Which companies are more at risk and what are the consequences?
The immediate consequences of a class action lawsuit for a biotech company are quite evident: costly procedures. “The impact of a securities class action can be severe, especially for early-stage biotechs with limited resources. Legal costs can mount quickly, and settlements and judgments can be very costly. These strains can weigh heavily on a company’s finances,” explained Kozak.
There’s also the risk toward the reputation of the company as investors may lose trust in the company, even if the lawsuits end favorably. Kozak also noted that beyond the company itself, the management team can be at risk. “Executives can be held liable, forced to pay fines or penalties, and even face jail time.”
For the broader biotech industry, a surge in litigation also means investors are going to be more cautious when deciding if they want to back a company or not. Any concern a company may have — costly procedures arming the finance, reputation, or management instability — are shared by the investor.

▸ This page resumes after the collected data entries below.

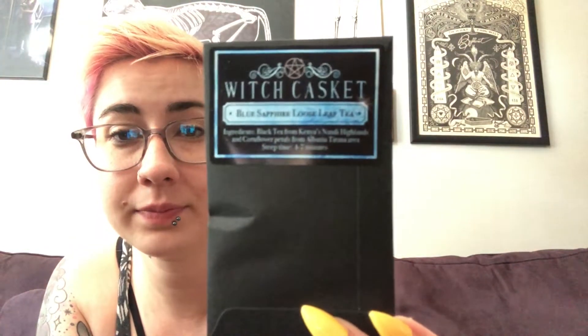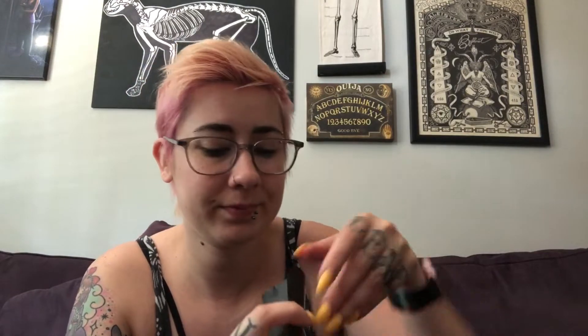This is probably our tea. Blue sapphire loose leaf tea — black tea from Kenya's Nandi Highlands and cornflower petals from the Albania Tirana area. Steep time four to seven minutes. These bags are cool because they're recyclable, but once open they don't really seal back up. Oh well, it smells really nice. It's such a dark bag you can't really see in it, but it smells pretty nice. I'm excited to try that with my new steeping spoon.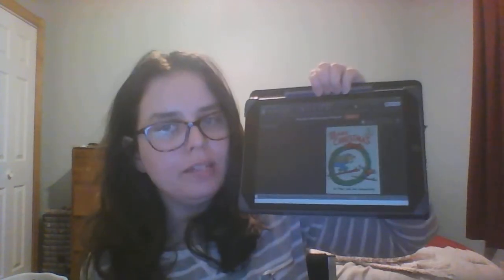Hello, and welcome to Read Along with Heather. Today, we will be reading The Bears' Christmas by Stan and Jan Berenstain.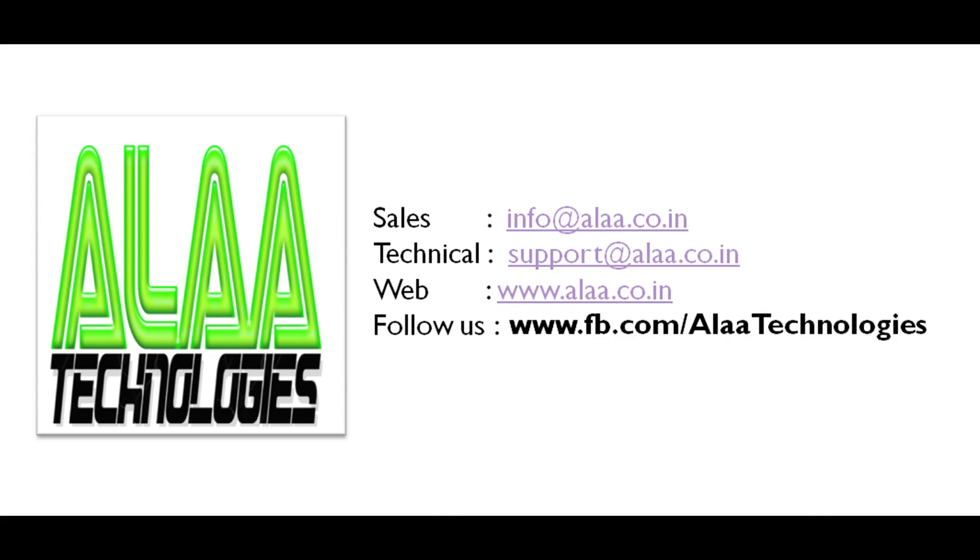For sales-related queries, please write to info@allah.co.in. For technical-related queries, please write to support@allah.co.in. Please leave your comments. Thanks for watching this demo.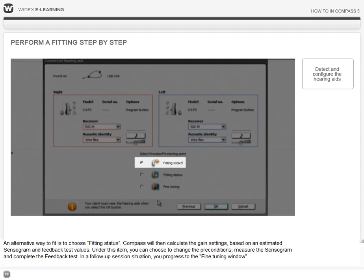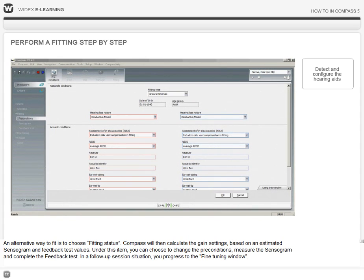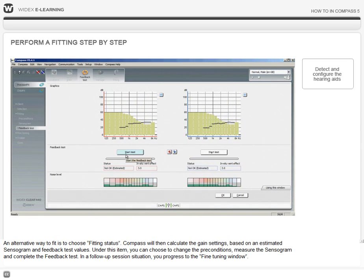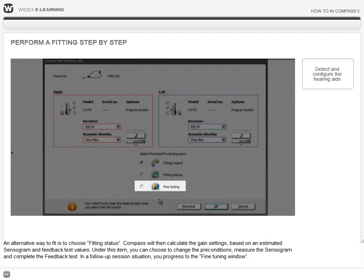An alternative way to fit is to choose Fitting Status. Compass will then calculate the gain settings based on an estimated sensorgram and feedback test values. Under this item, you can choose to change the preconditions, measure the sensorgram, and complete the feedback test. In a follow-up session situation, you progress to the fine-tuning window.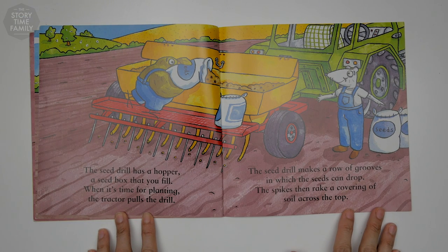The seed drill has a hopper, a seed box that you fill. When it's time for planting, the tractor pulls the drill. The seed drill makes a row of grooves in which the seeds can drop. The spikes then rake a covering of soil across the top.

According to Kozak, while lawsuits concern biotechs of all sizes, early-stage companies are more vulnerable to them. “They may have limited resources and less established compliance programs, which can make them easier targets for lawsuits.”
Because earlier-stage biotechs struggle more when faced with a lawsuit, these cases attract more attention. Kozak noted that every biotech company has a unique risk profile and rather than the size of the company it’s the area it operates in and the technology it develops that make it more likely to face litigations.
“Companies involved in gene editing or personalized medicine face complex intellectual property disputes. Those developing novel therapeutics and drugs for rare diseases may face challenges in clinical trials and product liability if expectations are not met.”
So, if you are at the head of a recently founded biotech startup developing a novel therapeutics for rare diseases, what can you do to remain out of the list of 2025 biotech securities class action lawsuits?
Common legal mistakes biotechs make and how to avoid them
As Kozak said, every biotech company has its unique risk profile which also means zero risk doesn’t exist. But if we had to narrow down what makes a biotech company more liable than another we’d have to look at noncompliance with regulations, weak IP protection, and lack of clinical trial oversight.
Kozak indicated that failing to establish and maintain robust compliance programs that address all relevant regulations (FDA, etc.), industry standards, and ethical guidelines can lead to violations, regulatory actions, and lawsuits.
The answer is for biotechs to invest in comprehensive compliance programs that cover all relevant regulations. “Conduct regular audits, provide employee training, and establish strong internal controls,” advised Kozak.
Another clear pain point is a lack of IP strategy. This includes failing to conduct thorough patent searches, secure strong patents, and actively monitor and enforce IP rights. Kozak advises: “To mitigate this risk, leaders must conduct thorough patent searches, secure strong patents, and actively monitor and enforce IP rights. Engage experienced IP counsel to develop and execute a comprehensive IP strategy.”
Last but not least, Kozak pointed to clinical trials. “Overlooking rigorous clinical trial design, ethical conduct, and data integrity can lead to legal challenges. Failing to ensure patient safety and data accuracy can result in lawsuits and regulatory scrutiny.” Ethical conduct, data integrity, and patient safety in clinical trials must be a priority. Companies must also implement robust data management systems and independent oversight mechanisms.
Biotech is an industry made of complex technologies and an increasing number of M&A — as we noted these are factors putting biotech companies at risk of litigation. In this context, vetting every common litigation risk, might be more than just a security but a necessity.